For models with just a few ($p$) parameters, we can typically afford to use $J > p$ ensemble members, such that the sample covariance $\mathrm{Cov}(\theta, \mathcal{G})$ is full rank. Using more ensemble members than the number of model parameters, EKI can in theory probe all dimensions of parameter space to find the optimum parameter vector.

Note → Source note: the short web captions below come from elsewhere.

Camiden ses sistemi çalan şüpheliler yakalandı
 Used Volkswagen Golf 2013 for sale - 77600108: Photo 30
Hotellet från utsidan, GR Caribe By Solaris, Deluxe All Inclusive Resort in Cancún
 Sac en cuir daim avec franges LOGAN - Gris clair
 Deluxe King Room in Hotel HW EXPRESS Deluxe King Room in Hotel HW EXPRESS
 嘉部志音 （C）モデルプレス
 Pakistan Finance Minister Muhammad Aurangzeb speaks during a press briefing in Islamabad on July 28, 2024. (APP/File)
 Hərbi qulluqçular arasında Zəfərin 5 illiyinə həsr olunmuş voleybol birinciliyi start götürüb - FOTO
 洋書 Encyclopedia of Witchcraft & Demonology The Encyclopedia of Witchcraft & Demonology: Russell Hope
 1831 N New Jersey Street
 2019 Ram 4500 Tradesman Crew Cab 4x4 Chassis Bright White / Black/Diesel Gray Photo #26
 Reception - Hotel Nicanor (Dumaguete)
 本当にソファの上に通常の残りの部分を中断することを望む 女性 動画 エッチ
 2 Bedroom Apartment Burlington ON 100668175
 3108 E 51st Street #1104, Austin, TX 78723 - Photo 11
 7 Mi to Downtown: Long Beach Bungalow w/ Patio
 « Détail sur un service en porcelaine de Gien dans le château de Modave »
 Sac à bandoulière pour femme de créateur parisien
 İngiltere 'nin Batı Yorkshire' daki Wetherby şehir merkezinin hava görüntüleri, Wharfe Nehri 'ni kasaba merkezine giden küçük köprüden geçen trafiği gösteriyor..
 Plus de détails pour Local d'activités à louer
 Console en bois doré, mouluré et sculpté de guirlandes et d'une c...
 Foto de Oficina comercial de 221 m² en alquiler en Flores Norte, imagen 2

For models with a lot of parameters (e.g., a deep neural network), computational constraints limit the size of the ensemble to $J < p$ or even $J \ll p$ members. Due to the characteristics of the EKI update equation, this means that the method can only find the minimum in the $(J-1)$-dimensional space spanned by the initial ensemble, leaving $p-J+1$ dimensions unexplored. This is known as the subspace property of EKI. As the dimensional gap $p-J$ increases, we can expect the solution of the algorithm to deteriorate.

Enter Localization

In algebraic terms, the extent to which we can explore the dimensions of parameter space is roughly given by the rank of the matrices in equation (1). In the case $J < p$, the rank of $\mathrm{Cov}(\theta, \mathcal{G})$ is limited to $\mathrm{min}(d, J-1)$. It has been shown that the performance of ensemble Kalman methods with $J < p$ can be greatly improved by boosting this rank through an elementwise product with a suitable localization kernel $\Lambda$,

\[\tag{2} \mathrm{rank}(\mathrm{Cov}(\theta, \mathcal{G}) \odot \Lambda) \geq \mathrm{rank}(\mathrm{Cov}(\theta, \mathcal{G})).\]

Substituting the covariance $\mathrm{Cov}(\theta, \mathcal{G})$ by the boosted version defined in the left-hand side of equation (2), EKI is able to break the subspace property and explore additional dimensions in parameter space. Localization is an empirical way of correcting for the sampling error due to a small ensemble size, and so it can also be interpreted as a sampling error correction (SEC) method.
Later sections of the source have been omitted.